[Study material Boundary: Start]

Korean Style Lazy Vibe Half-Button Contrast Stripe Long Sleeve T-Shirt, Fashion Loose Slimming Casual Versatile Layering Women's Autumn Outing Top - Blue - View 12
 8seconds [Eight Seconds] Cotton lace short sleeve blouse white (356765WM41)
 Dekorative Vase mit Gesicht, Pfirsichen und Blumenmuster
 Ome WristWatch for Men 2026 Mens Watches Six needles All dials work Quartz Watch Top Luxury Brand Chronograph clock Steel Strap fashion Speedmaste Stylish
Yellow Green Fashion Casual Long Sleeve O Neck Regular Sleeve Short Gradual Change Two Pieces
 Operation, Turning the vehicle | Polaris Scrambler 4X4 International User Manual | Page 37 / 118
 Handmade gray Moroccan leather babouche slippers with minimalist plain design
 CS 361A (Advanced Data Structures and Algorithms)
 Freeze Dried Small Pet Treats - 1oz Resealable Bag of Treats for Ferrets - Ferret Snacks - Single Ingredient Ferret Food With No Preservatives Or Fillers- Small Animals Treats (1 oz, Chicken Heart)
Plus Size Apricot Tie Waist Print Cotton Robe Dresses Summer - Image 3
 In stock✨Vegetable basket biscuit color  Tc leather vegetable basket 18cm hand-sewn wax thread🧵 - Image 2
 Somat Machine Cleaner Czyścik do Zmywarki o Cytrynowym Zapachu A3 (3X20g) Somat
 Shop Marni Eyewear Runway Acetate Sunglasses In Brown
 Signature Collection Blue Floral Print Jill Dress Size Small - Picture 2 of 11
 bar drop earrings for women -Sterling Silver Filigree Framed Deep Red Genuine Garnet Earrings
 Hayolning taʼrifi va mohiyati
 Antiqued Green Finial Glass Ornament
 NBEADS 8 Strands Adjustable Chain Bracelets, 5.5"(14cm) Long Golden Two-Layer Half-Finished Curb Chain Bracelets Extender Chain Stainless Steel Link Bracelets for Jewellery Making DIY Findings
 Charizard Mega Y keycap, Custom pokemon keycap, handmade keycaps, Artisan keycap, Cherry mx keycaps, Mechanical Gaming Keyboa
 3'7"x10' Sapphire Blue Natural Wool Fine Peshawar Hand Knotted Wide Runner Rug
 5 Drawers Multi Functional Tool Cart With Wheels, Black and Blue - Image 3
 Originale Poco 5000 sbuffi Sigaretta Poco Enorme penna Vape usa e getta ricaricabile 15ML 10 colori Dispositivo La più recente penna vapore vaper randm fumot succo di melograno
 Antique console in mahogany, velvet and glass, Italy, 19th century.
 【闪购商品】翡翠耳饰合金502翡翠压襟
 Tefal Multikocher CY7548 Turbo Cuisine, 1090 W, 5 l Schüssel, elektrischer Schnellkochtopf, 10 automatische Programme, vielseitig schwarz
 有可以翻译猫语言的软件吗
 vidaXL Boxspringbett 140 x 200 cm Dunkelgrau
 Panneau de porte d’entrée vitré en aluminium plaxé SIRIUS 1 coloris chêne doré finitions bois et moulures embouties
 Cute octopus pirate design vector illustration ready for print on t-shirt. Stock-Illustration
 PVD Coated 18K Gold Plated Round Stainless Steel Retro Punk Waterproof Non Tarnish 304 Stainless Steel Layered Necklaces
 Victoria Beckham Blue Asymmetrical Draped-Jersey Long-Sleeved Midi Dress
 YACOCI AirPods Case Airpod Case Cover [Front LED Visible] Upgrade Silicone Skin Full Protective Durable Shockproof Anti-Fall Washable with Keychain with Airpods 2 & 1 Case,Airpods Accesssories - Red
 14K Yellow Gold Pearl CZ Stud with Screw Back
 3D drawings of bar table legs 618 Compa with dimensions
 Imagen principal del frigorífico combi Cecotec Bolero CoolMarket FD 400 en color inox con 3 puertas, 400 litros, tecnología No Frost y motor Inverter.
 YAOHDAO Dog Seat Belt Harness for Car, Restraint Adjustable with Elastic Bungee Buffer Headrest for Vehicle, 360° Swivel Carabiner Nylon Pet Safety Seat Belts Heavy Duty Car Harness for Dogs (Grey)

[Study material Boundary: End]

Assignment: Wherever the string "design" appears in the data above, copy the line it sits in.

Final answer:
 Handmade gray Moroccan leather babouche slippers with minimalist plain design
 Cute octopus pirate design vector illustration ready for print on t-shirt. Stock-Illustration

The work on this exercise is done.